This is the first time I’ve done this here… but I’m going to take a poke at a specific meme that’s been kicking around the web for a while.
That infographic seriously leaves a lot to be desired. In fact, it leaves out quite a bit of pertinent data.
For instance: the combined population of the four named Nordic Countries is 25 million. The total combined annual GNP of those four countries equals 1.2 trillion dollars. Therefore, the average combined annual GNP per capita of those four countries equals $65,340.
The total population of the USA is 314 million. The total annual GNP of the USA is roughly 15.89 trillion dollars. That makes our per capita GNP around $52,340.
Result? The larger population of the U.S.A. lowers our per capita GNP to the point that it’s actually LOWER than that of the much smaller Nordic countries (for comparison, there are more Americans living in TEXAS— 26 million— than there are citizens living in ALL four Nordic countries combined).
Meanwhile, let’s look at Defense: the United States spends more on Defense than any other country in the world, more than the other top 14 spenders combined.
The Nordic countries don’t spend nearly that much. But, then… two of those Nordic countries are NATO members, and the other two are NATO partners.
Even in the leanest years, the United States contributes almost one-quarter of NATO’s budget, all by itself. Technically it’s around $800 million dollars… but that factors in only DIRECT payments, not deployments of American personnel in NATO countries or overseas American military bases that defend those countries, but which aren’t strictly NATO funded. That whole shebang gets real expensive, real quick.
Over the past several years, defense spending by NATO’s European member nations has shrunk by around 45 BILLION dollars. Meanwhile by slashing their own internal defense budgets European countries (including the four mentioned Nordic countries) are forcing NATO (and by extension, the U.S.) to pick up the extra slack, to the tune of billions of dollars a year.
So, the solution appears!
The USA should just stop funding NATO and spend that money on domestic health care and education. Let those other countries (including the four Nordic countries above) fend for themselves. Problem solved!
But, of course, those Nordic countries wouldn’t want that. They rely on the U.S.A. to defend them, so they can keep their own defense budgets at a minimal level and spend that money internally on their own citizens (as depicted in the infographic above).
Admittedly, the way the U.S. government spends American tax money is ALL jacked up and the priorities of the U.S. Congress are completely nuts.
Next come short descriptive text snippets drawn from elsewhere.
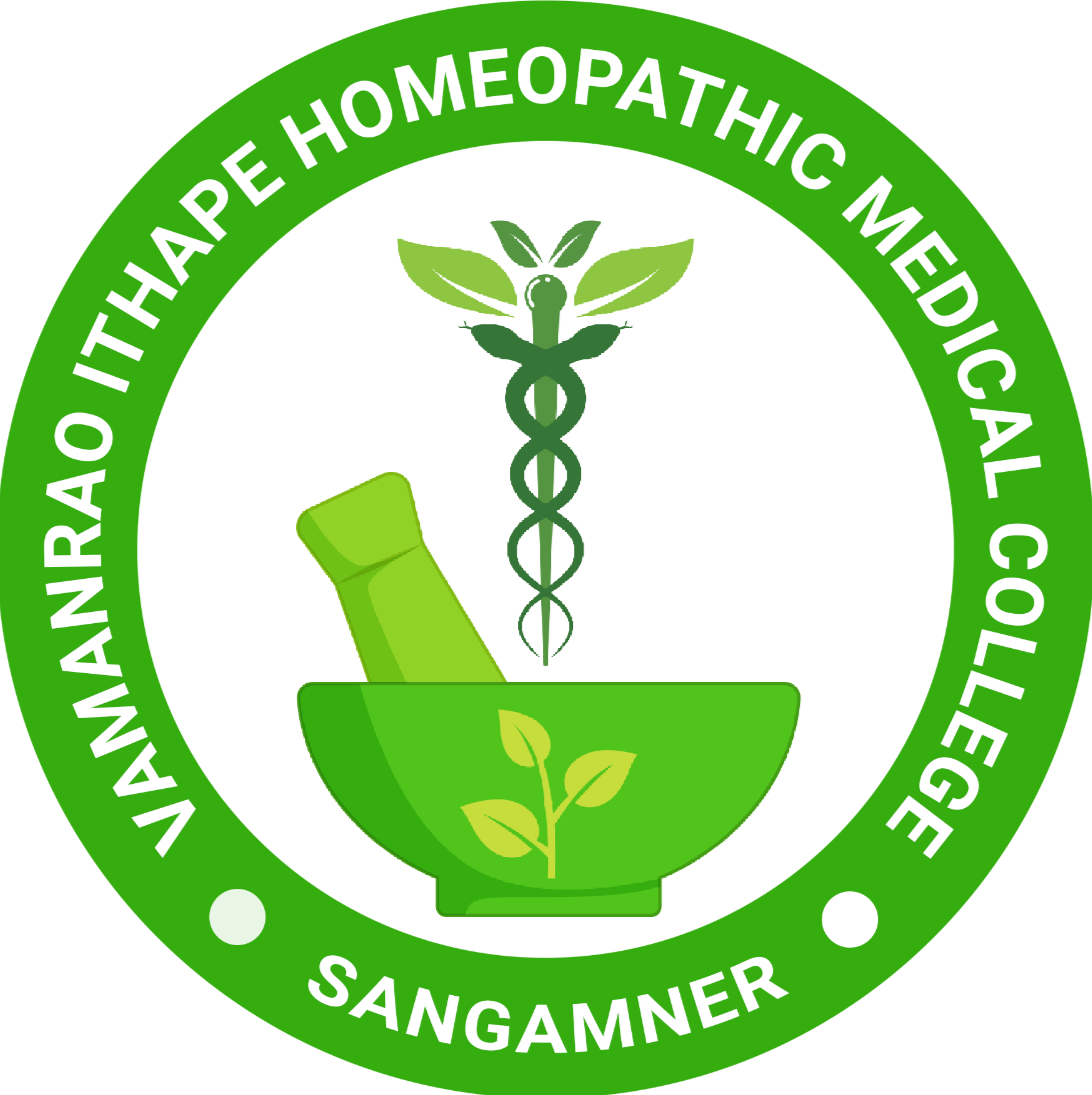 Homeopathic College_edited.png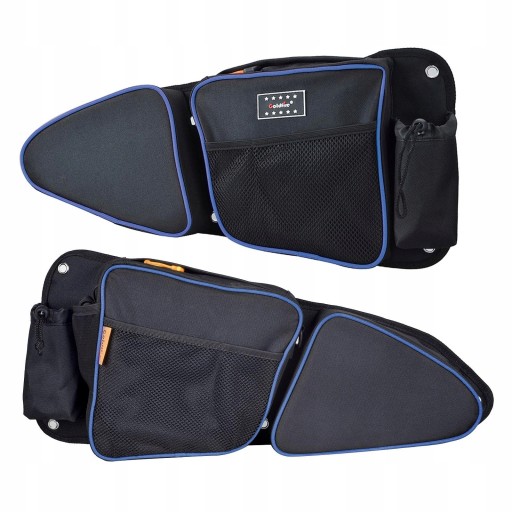 19011 - Сумка для зберігання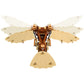 LEGO 10363 - Icons Leonardo da Vinci's Flying Machine
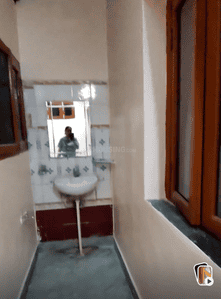 Image of 1000 Sq.ft 2.5 BHK Independent House for rent in Ashiyana, Lucknow for Rs. 12000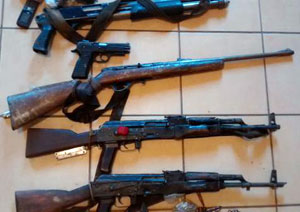 Armas2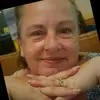 Debbie Terry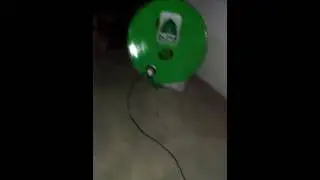 Madanichannel dish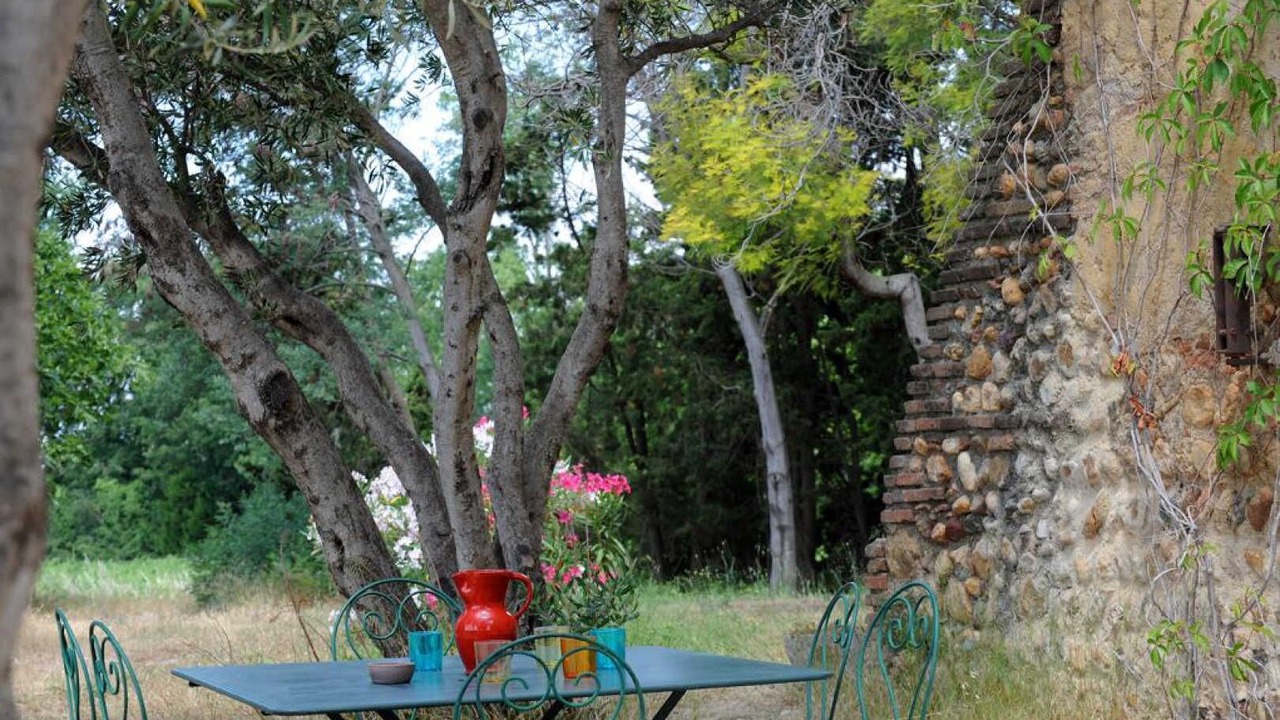 Photo of Outdoor in Thuir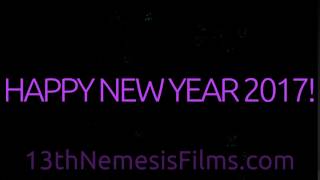 30-day Short-animation-a-day Challenge: Day 22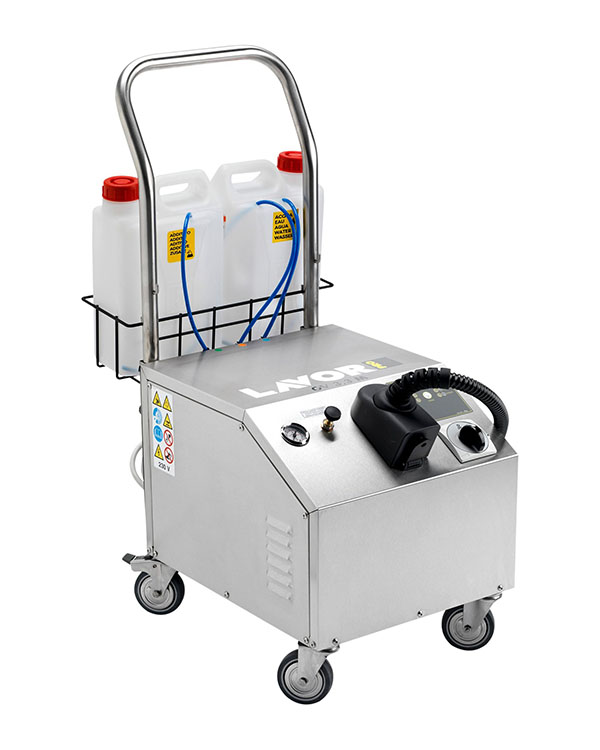  generateur  GV 3,3 M PLUS Dakar Mbour Thies Senegal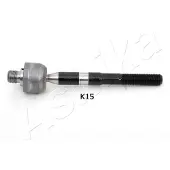 ASHIKA 103-0K-K14R Binnenste stuurkogel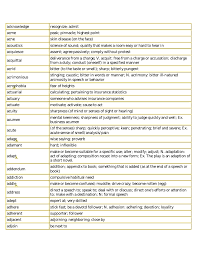 This dictionary provides synonyms, antonyms, english defenitions, wikipedia reference, names meanings, roman to urdu search, urdu to english search, related words, sentence translation and image based examples. Decorum Synonyms In Hindi
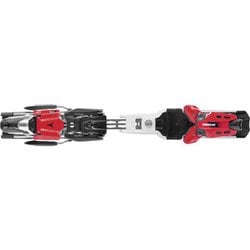 ヨドバシ.com - スキー板「アトミック REDSTER G9 FIS REVOSHOCK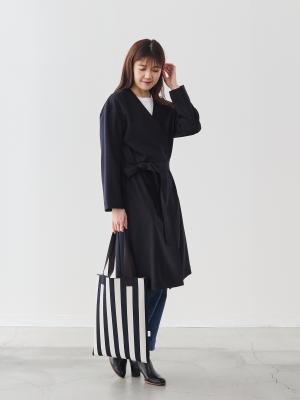 モデル 171cm サイズ フリー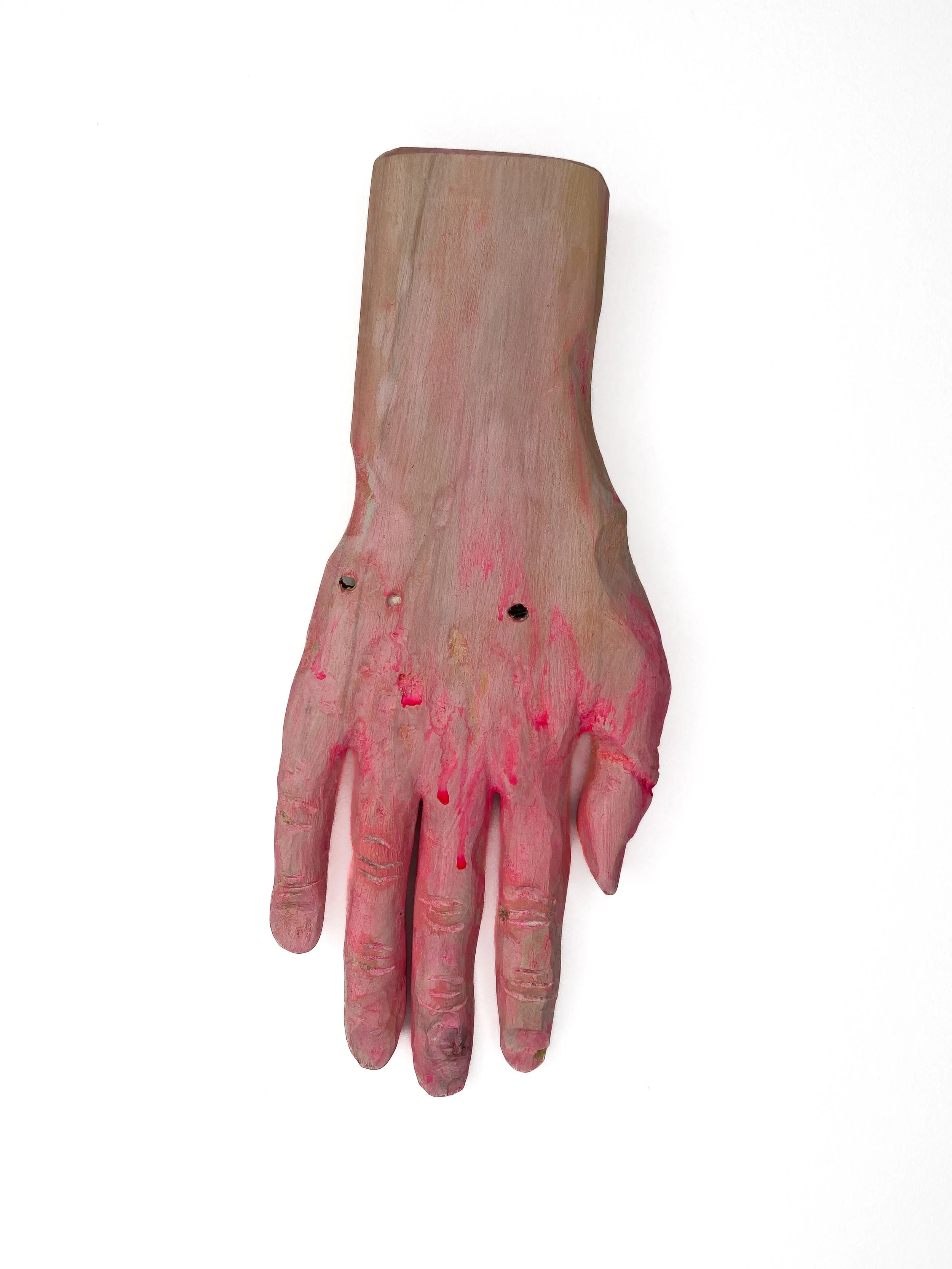 11 VOTIVE HAND 36.jpg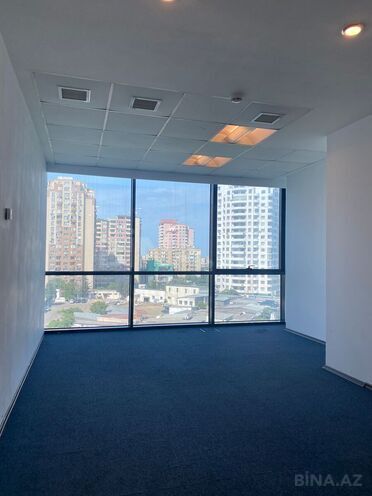 Сдаётся 7-комн. офис 260 м², м. 8 ноября, photo 15 from 28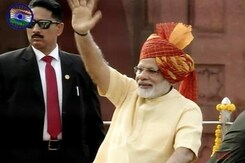 The Biggest Stories of August 15, 2017 The Biggest Stories of August 15, 2017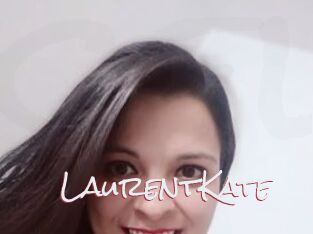 LaurentKate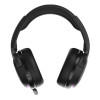 Mad Catz P.I.L.O.T. PRO Dual Wireless Stereo Headset - Black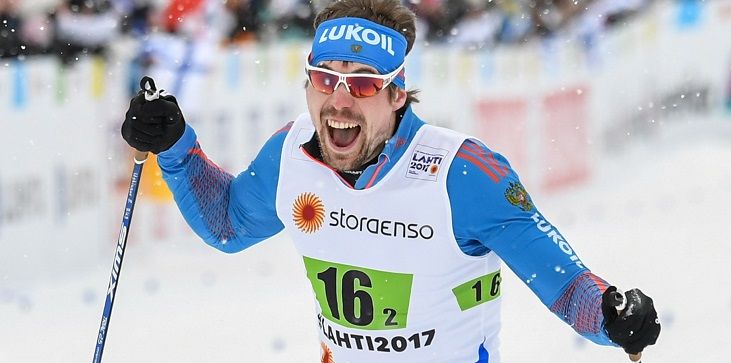 Повторится ли Сочи в Пхенчхане?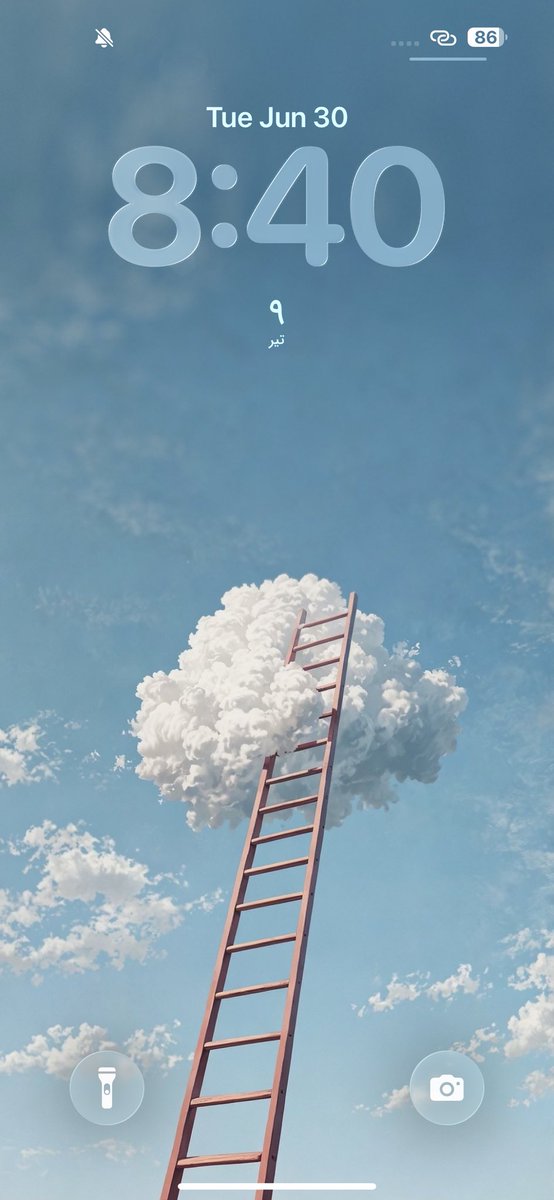 Ra_mown's tweet photo. ابری☁️ https://t.co/Wf8nkC8GHp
Education in America HAS become a big money-making scam: the monetization of our educational system (especially higher education) squanders tax money while squeezing the price of over-inflated tuition costs from students in exchange for dubious diplomas, crushing them under federally-sponsored debt via a special loan industry specifically created to continually bilk them out of massive interest payments over the longest period imaginable. It’s nightmarishly greedy and stupid.
But the infographic above is farcically simplistic. It doesn’t take into account all the factors, and differences, between the countries being compared.
Like when American tech-heads whine that other countries have faster and better internet grids than the U.S.A., without bothering to take into account that the United States comprises an area hundreds of times greater, in most cases, than the tiniest countries— those which are fastest and most up-to-date (including all four of the “Nordic Countries” mentioned above).
It takes a shitload of fiber optic cable to get states like Wyoming and Montana hooked up, and billions of dollars to keep a network that large up and running. Of course, if all that was required was for us to wire up a country one quarter the size of Kansas (which area is, coincidentally, the size of Switzerland), AND if we had a 600 billion dollar annual GNP from which we could pay for it without huge defense costs (like Switzerland does), internet speeds in that area might be a teensy bit faster.
It’s all apples and oranges. It gives an inaccurate impression of the situation by sacrificing relevant context and factual information in an effort to stretch for an inaccurate correlation. That makes it a CRAPPY meme.
In my opinion, the best way to get people talking about how their government can wisely invest their tax money MIGHT NOT BE by posting pithy pictograms that draw false causation while ignoring the rest of the facts. But then, I personally try to be an “examine-all-the-relevant-facts-before-rendering-judgement” kind of guy.